Climate forecast researchers need to assess the quality of their forecasts by comparing them against reference observation datasets using state-of-the-art verification metrics. This procedure requires reading in the seasonal forecasts and reference data and restructuring them for later comparison (e.g.: regridding, resampling or reordering). Only then, statistical methods can be applied to assess forecast skill and, finally, tailored visualization tools are employed to explore the results.

At the Earth Sciences department of the Barcelona Supercomputing Center, the expertise in seasonal forecast research has traditionally been compiled in the s2dverification R package since its first release in 2009. The package provides tools implementing all the steps required for the procedure described above, allowing researchers to share their methods while reducing development and maintenance cost. However, as the department broadened its activity to include research on sub-seasonal forecast, decadal prediction and climate projections, as well as development of climate services for various stakeholders, new state-of-the-art tools to manipulate climate data became necessary.

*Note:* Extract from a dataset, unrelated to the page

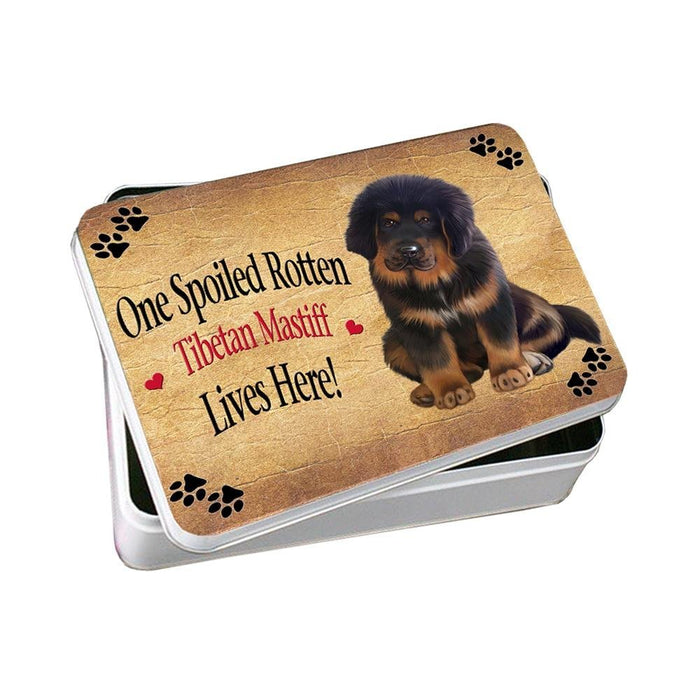 Tibetan Mastiff Puppy Spoiled Rotten Dog Photo Storage Tin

As a result, the department is currently maintaining eight R packages. These packages can be used separately or in their common framework, and include methods for calibration, downscaling and combination in the CSTools package, climate indicators in ClimProjDiags, and CSIndicators -among other climatological methods- in s2dv (s2dverification’s successor). The framework has been designed to be flexible and efficient. The Big Data issue inherent to climate data analysis is addressed by employing the startR and multiApply packages to seamlessly enable chunked multi-core processing, optionally leveraging multi-node parallelism in HPC platforms.